How would technology be different today? How would our courses be different? How would the game be different?
"There will always be haters. That’s just the way it is. Hating dudes marry hating women and have hating ass kids." - Evan Turner

Some of y'all have never been called out in bold green font and it really shows.

CJ Carder

  • Karma: +0/-0
I could go a couple of different directions with this as I could actually see a number of possibilities:

- My first thought was that scores would just go insanely low because technology would be out of control still.  A pro today could play a 6500 yard course with nothing longer than a 3-iron.  I reference back to when our club hosted the 2007 NCAAs.  At roughly 6800 and a par 70, there were two kids who flirted with 59 (one of whom was -11 through 14 before a bogey on 15 and 3 pars to finish).  Our dogleg right 420 yard first hole saw a number of players fly a 3-iron over the dogleg and hit a lob wedge into the green.

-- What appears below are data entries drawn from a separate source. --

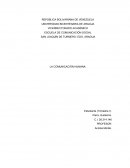 Ensayo sobre la comunicacion humana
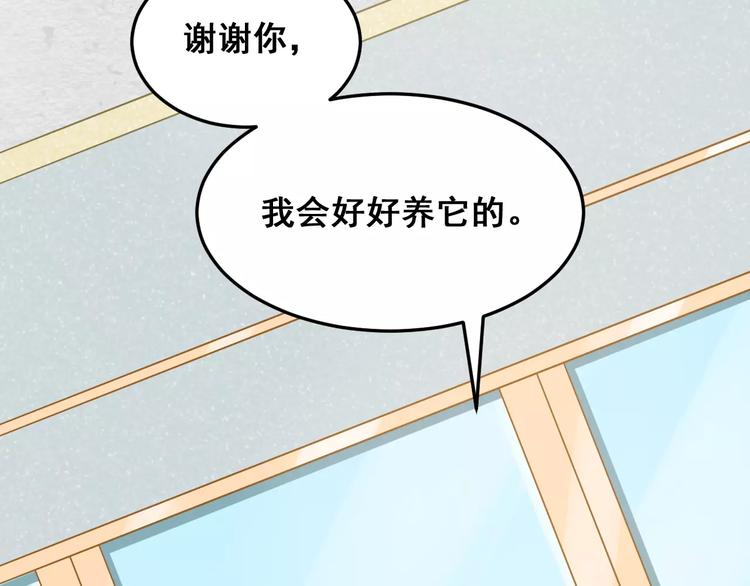 第26话 你的温柔-第28话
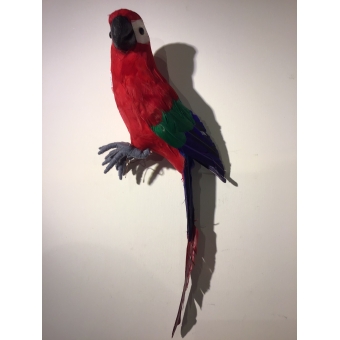 vogel papagaai rood 47cm lang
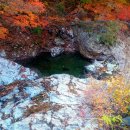 월매리(경북대부속학술림) 이미지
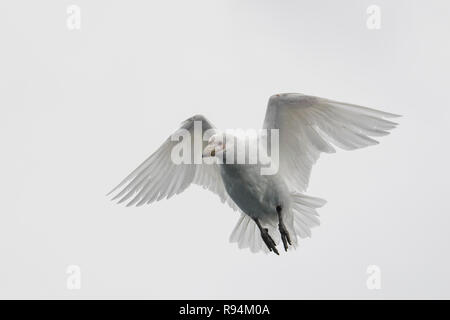 Südgeorgien, Cooper Bay. Snowy Sheathbill im Flug aka American Sheathbill (Chionis albus) Stockfoto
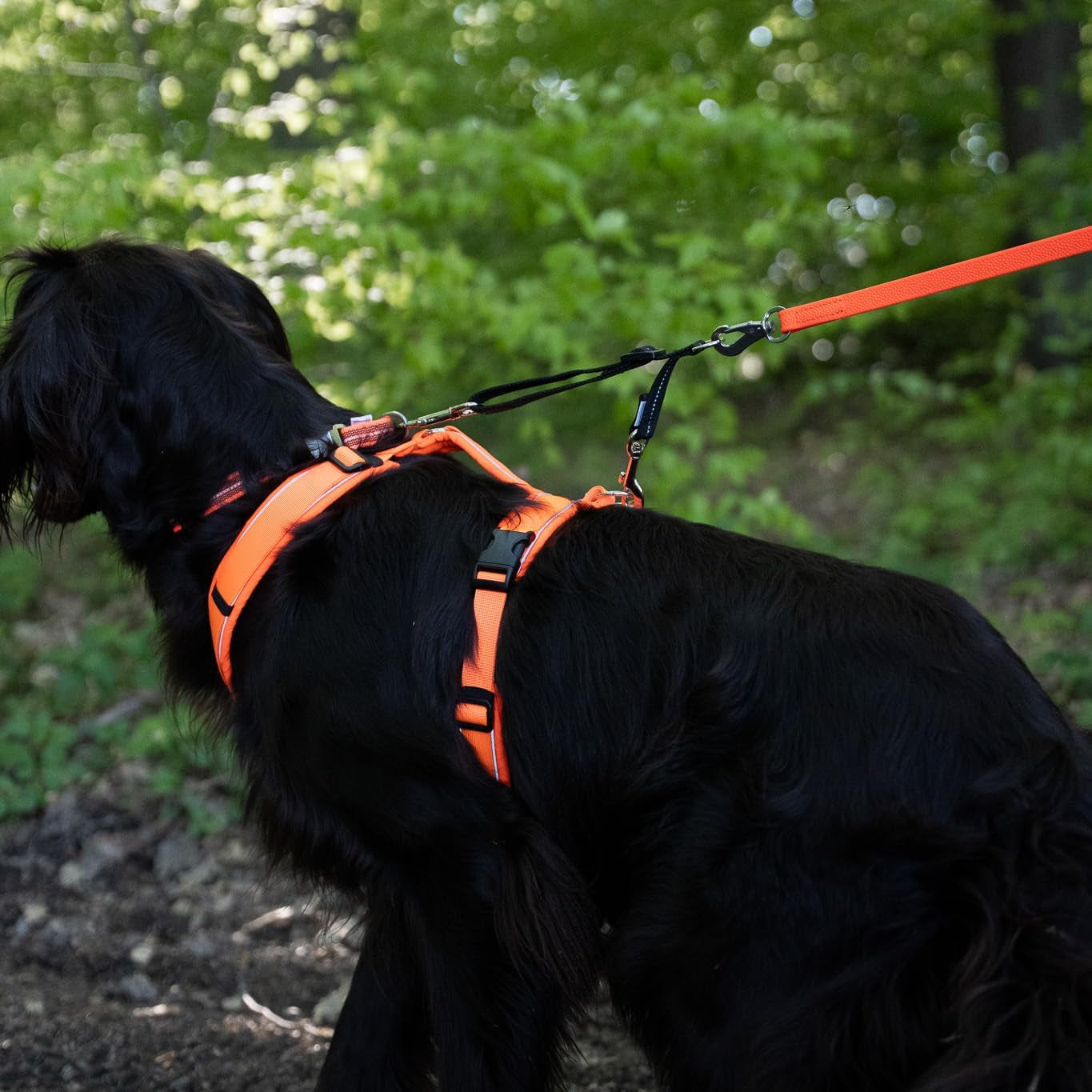 herm-sprenger-adjustable-coupling-strap-reflective-nylon-2-way-dog-leash-coupler-with-nickel-plated-swivel-clip-safety-backup-strap-for-prong-flat-collars-red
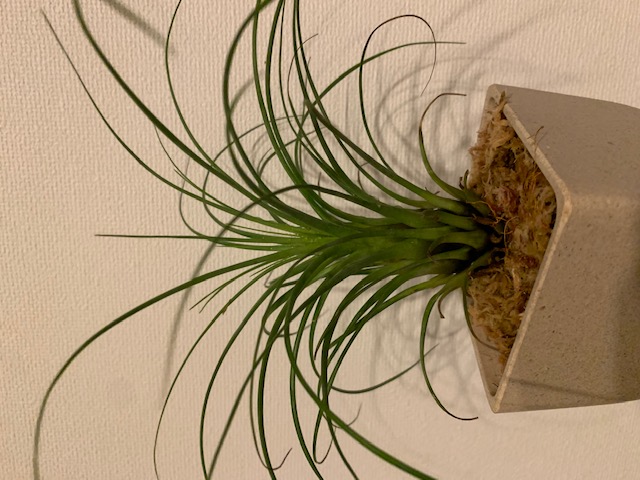 �`�����W�A,�e�B�����W�A,�G�A�[�v�����c,Tillandsia,�`�����h�V�A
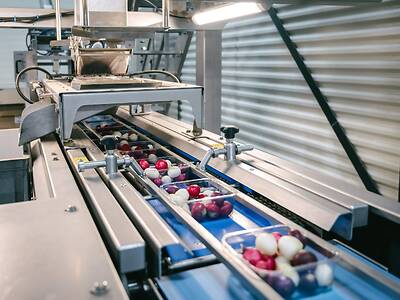 Koppert-Machines-Multipacker-packaging-tomatoes-snack-vegetables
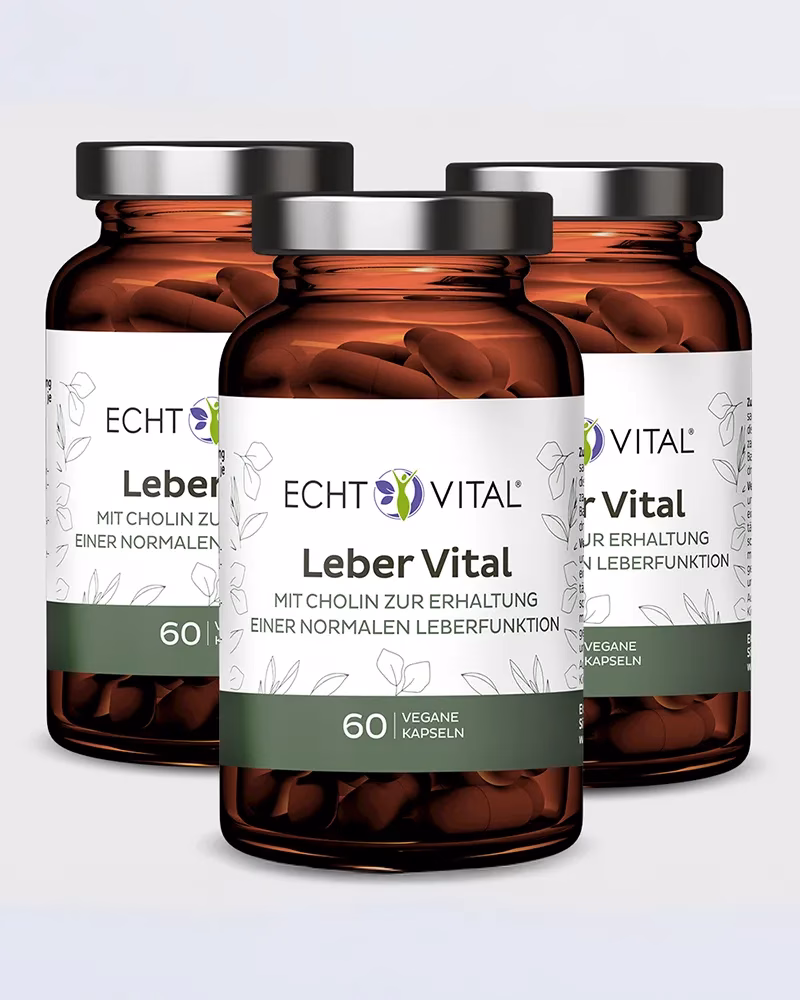 Leber Vital 180 Kapseln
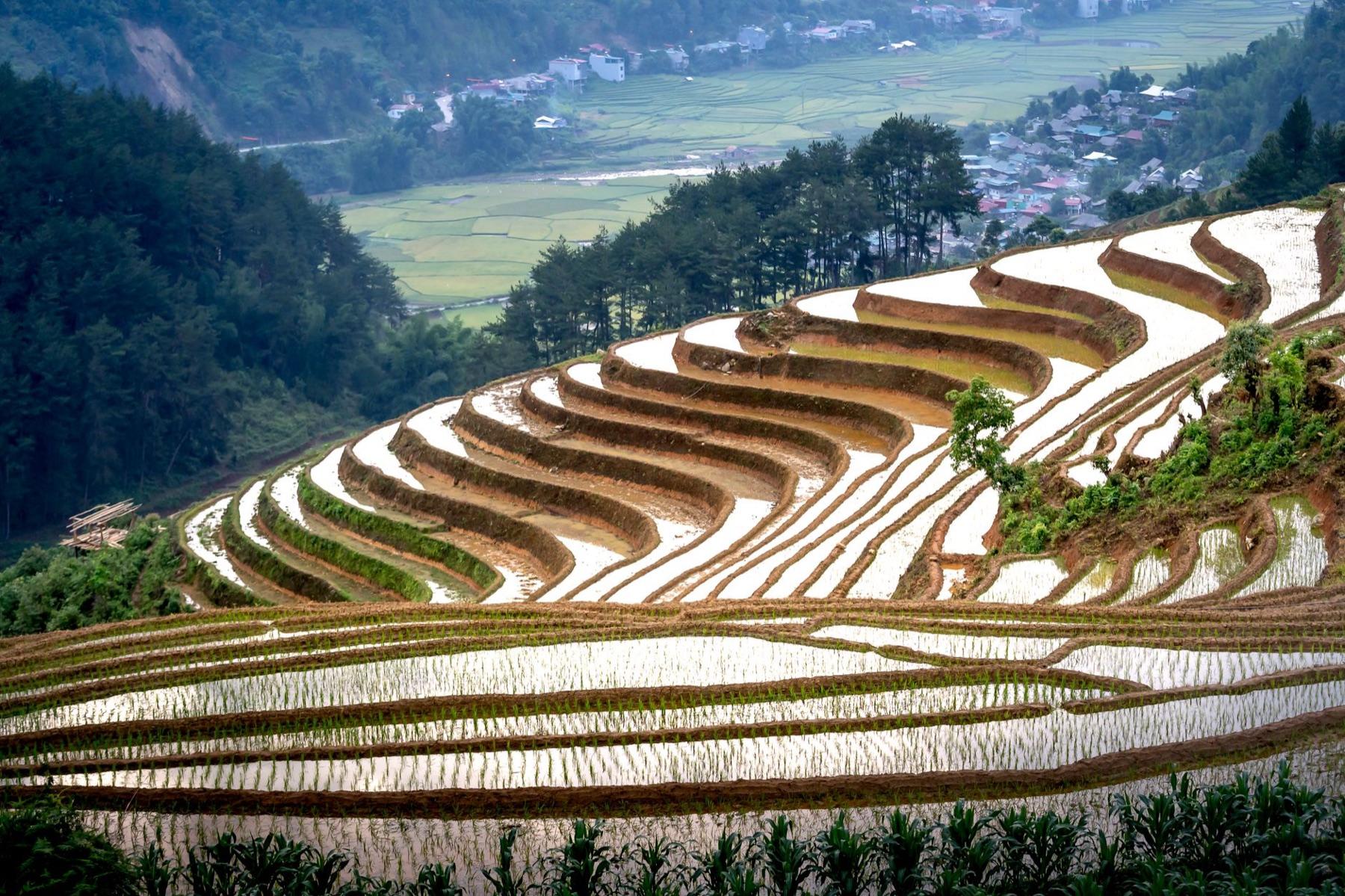 Mu Cang Chai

- As a result, one direction course design could go is to just get stupidly hard.  Think hay-length rough everywhere, small greens, and green speeds not recommended for the green contours.  A lot like what we have today, except EVERYONE would be playing the same course.  I think that translates to an even less enjoyable game for the amateurs.  At the end of the day, we would still build courses for the one week a year they host a professional tournament because that's where (theoretically) the big pay day is. 

- If they managed to control green speeds (without knowing too much, I have to imagine there are limits in terms of how far you can stretch the agronomy before they just can't get any faster), I could actually see green contours getting even more interesting because that would be a natural place to start looking for a course to have some scoring defense.

- On the opposite side of the spectrum, if the game's caretakers were originally concerned with making the game fun and not making money, I think you'd see course designers get a lot more creative and adding some more "quirk" to courses.  I saw this because they'd really be limited with how much land they could take up, so they'd have to do a lot more to differentiate themselves.  Today, a course can say "our back tees are 7500 yards" and that's considered a differentiating factor.  But if amateurs and pros are essentially playing the same golf course, you have to really mix it up.  Anyone ever seen a 180 degree dogleg par 4 where you CAN'T cut corners or carry across the middle?  I can envision some crazy shaped greens - crescent moon par 3 anyone?

- As for technology, I actually don't know that it'd be a lot different.  There might be less of it - maybe Taylormade's product cycle would be a little longer since 2 extra yards doesn't matter so much on a 6500 yard course.  But you'd still have game improvement clubs trying to help people hit it straighter.  This is a stretch for being considered technology, but I think club selection would be impacted as far as what's in your bag.  Maybe in response to course changes, the driver becomes a less value-added club and people start routinely carrying 5 wedges 2 degrees apart?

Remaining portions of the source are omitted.